--- Records ---

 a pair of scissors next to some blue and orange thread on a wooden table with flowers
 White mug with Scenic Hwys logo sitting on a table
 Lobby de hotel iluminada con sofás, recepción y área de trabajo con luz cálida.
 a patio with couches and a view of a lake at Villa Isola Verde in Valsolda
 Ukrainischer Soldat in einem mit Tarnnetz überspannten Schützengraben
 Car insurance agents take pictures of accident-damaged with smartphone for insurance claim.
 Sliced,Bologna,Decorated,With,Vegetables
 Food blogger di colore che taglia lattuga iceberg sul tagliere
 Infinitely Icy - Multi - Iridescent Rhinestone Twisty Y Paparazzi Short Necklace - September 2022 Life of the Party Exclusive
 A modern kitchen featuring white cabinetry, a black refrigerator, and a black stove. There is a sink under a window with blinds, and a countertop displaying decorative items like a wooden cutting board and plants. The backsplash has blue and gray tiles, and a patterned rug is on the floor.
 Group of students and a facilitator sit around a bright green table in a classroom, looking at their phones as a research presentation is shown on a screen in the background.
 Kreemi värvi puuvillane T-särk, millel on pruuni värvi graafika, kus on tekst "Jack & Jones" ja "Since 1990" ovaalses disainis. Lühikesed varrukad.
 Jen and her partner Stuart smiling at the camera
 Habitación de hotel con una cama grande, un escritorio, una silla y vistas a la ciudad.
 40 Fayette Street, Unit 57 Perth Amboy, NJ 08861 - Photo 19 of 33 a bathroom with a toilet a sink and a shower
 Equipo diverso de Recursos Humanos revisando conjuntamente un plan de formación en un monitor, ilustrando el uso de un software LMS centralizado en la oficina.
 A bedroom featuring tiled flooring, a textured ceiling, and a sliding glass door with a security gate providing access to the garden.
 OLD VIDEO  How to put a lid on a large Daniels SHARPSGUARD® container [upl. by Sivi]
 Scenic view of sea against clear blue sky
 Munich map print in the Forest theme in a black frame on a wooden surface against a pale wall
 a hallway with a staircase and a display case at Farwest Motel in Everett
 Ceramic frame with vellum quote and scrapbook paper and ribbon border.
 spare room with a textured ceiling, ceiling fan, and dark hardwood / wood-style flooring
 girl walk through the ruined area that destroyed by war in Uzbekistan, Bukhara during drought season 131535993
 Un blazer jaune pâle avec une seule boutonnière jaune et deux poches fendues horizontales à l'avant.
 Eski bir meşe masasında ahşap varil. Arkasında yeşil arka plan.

---

[Task to carry out]: Repeat, word for word, the lines from the opening of the material through the line containing "Ukrainischer Soldat in".

[Answer box]:
 a pair of scissors next to some blue and orange thread on a wooden table with flowers
 White mug with Scenic Hwys logo sitting on a table
 Lobby de hotel iluminada con sofás, recepción y área de trabajo con luz cálida.
 a patio with couches and a view of a lake at Villa Isola Verde in Valsolda
 Ukrainischer Soldat in einem mit Tarnnetz überspannten Schützengraben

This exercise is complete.